As the Iron Curtain fell and politics became less strained, Adam and his wife became more reconciled to the Czech Republic, although they never considered returning. In 1989, they both received the Gold Medal from the medical school of Charles University in Prague. Later, he and his wife claimed the pensions to which they were entitled from the government of the Czech Republic and used the money to fund scholarships for medical students there.

“Our only stipulation was that they pass their exams,” he said.

Dr. Vlasta Adam died five years ago, but her husband continues to come to work on a limited schedule.

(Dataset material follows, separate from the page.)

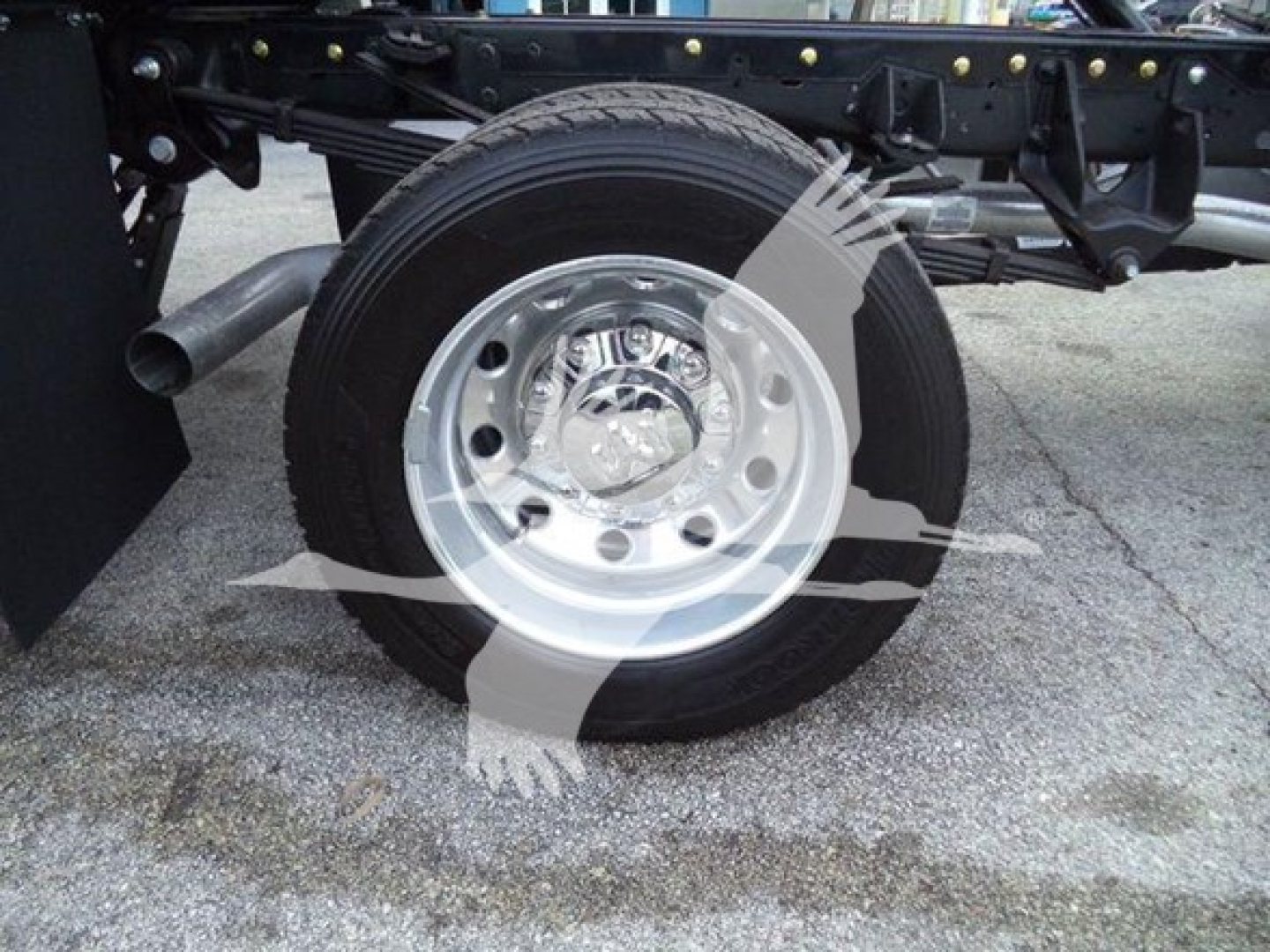 Truck wheel and suspension detail on Ram 5500 rollback chassis showing polished steel wheel and black chassis components.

The money from the Czech Mind is to be used to as an award to young scientists under the age of 35 years who are published as first authors of an article in a peer-reviewed journal and present the best research in a given year, said Adam. It is a long-lasting legacy that will provide benefit to the country where he was born.

By Ruth SoRelle, M.P.H.

5 thoughts on “Holocaust Remembrance: Sharing Dr. Ervin Adam’s story

  • I had the pleasure of meeting Dr. Adam at a function in Houston at the Czech Cultural Center on August 25, 2018. I live in East Bernard, Texas, a small town about 45 mi. southwest of Houston. I would like permission to submit this article to our local newspaper, the East Bernard Express, along with pictures taken at the function. I will, of course, give credit to the writer.
    Thank you for your consideration.

    Martha Viktorin

    Reply
    • Hi Martha,

      Thanks for reading the Baylor College of Medicine blog. Yes, that is fine. Please be sure to credit Ruth SoRelle, M.P.H., and Baylor College of Medicine. Let me know if you have any additional questions.

      -Nicole

      Reply
  • I worked for Dr. Ervin Adam with the DES Clinic at Baylor College of Medicine in the early ’70s. He was a kind man who enlightened me about the Holocaust, which I never got in school. I have continued to learn about the Holocaust and to this day, I have been to Dachau, Auschwitz, Bergenau, Sachsenhausen in Germany, Salaspils, Latvia and Treblinka. Dr. Adam opened my eyes to the horrors of the Nazis and I still continue to learn.

    Reply
  • I had the pleasure of meeting Dr. Erwin Adam at the hospital Bulovka in Prague. I was 18 years old RN (now am 85), and was assigned to infection department of poliomyelitis. It was during huge and last polio epidemic.
    He was very nice, even very young doctor working on lot of polio research.

    Reply
  • Any story I read about people who lived through the Holocaust always amazes me that anyone made it out alive. Thank you for sharing Dr. Adam’s story with us. We are better people for having read it.